Assignment -
Retype the listing below line for line, but only from the line with "Boîte de conserve vide en colle PVC 500ML" down to the line with "thumbnail image 5", inclusive. Pictures stay out.

Listed entries -
────────
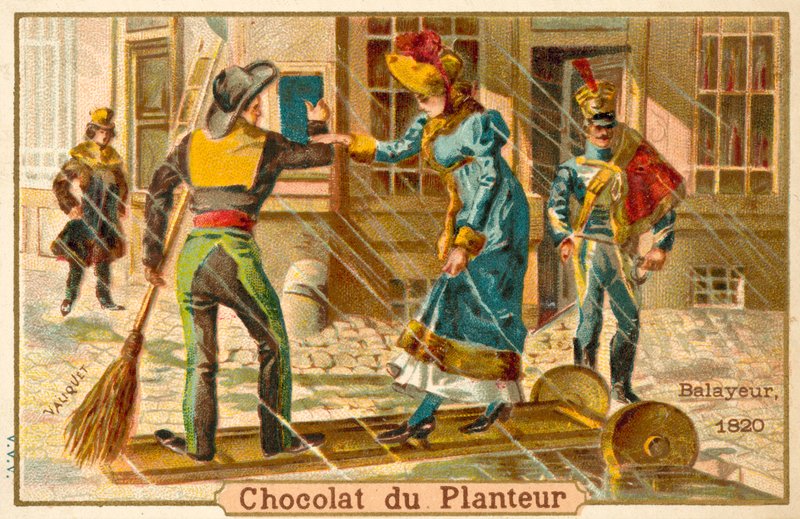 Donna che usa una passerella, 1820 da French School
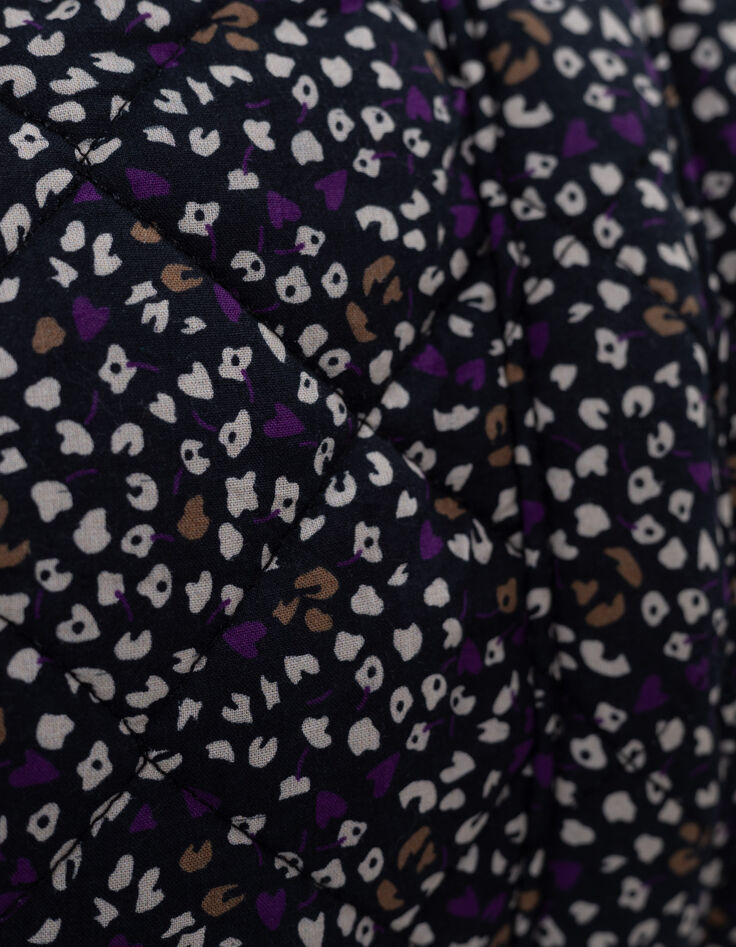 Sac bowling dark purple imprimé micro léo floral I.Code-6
────────
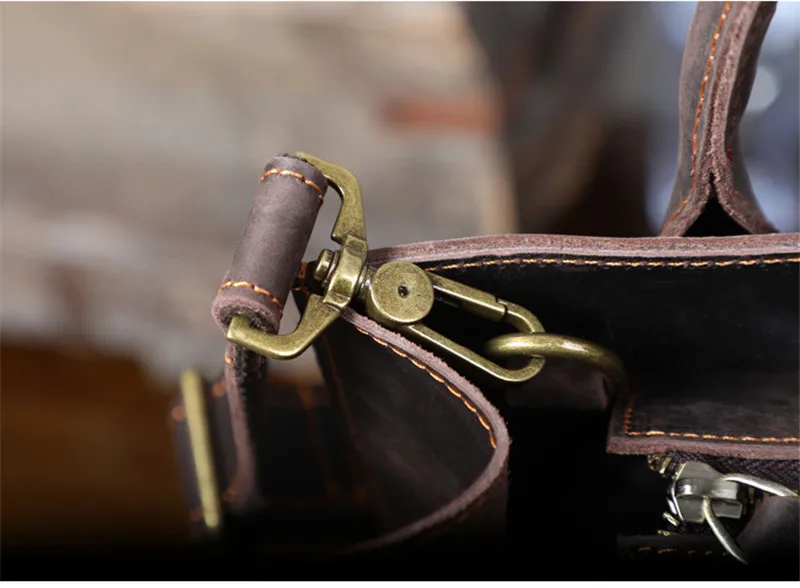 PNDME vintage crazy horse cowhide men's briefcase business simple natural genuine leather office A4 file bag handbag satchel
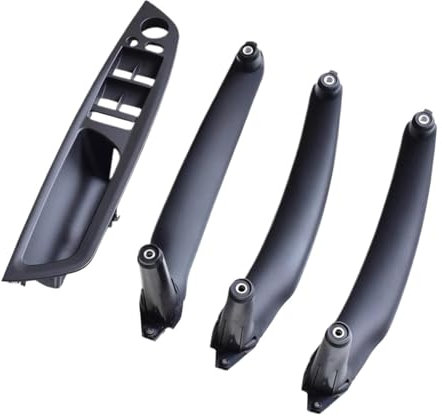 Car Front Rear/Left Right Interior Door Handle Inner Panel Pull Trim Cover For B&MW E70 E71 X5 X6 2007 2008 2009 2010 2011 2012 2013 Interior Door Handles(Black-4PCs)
────────
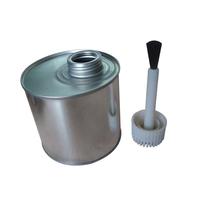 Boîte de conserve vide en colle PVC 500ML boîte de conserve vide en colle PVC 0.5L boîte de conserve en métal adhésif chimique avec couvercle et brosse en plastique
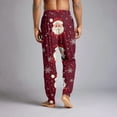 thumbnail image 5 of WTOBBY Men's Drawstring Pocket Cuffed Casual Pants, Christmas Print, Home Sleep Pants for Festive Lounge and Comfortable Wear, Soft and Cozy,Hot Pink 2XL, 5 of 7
────────
Task result -
 Boîte de conserve vide en colle PVC 500ML boîte de conserve vide en colle PVC 0.5L boîte de conserve en métal adhésif chimique avec couvercle et brosse en plastique
 thumbnail image 5 of WTOBBY Men's Drawstring Pocket Cuffed Casual Pants, Christmas Print, Home Sleep Pants for Festive Lounge and Comfortable Wear, Soft and Cozy,Hot Pink 2XL, 5 of 7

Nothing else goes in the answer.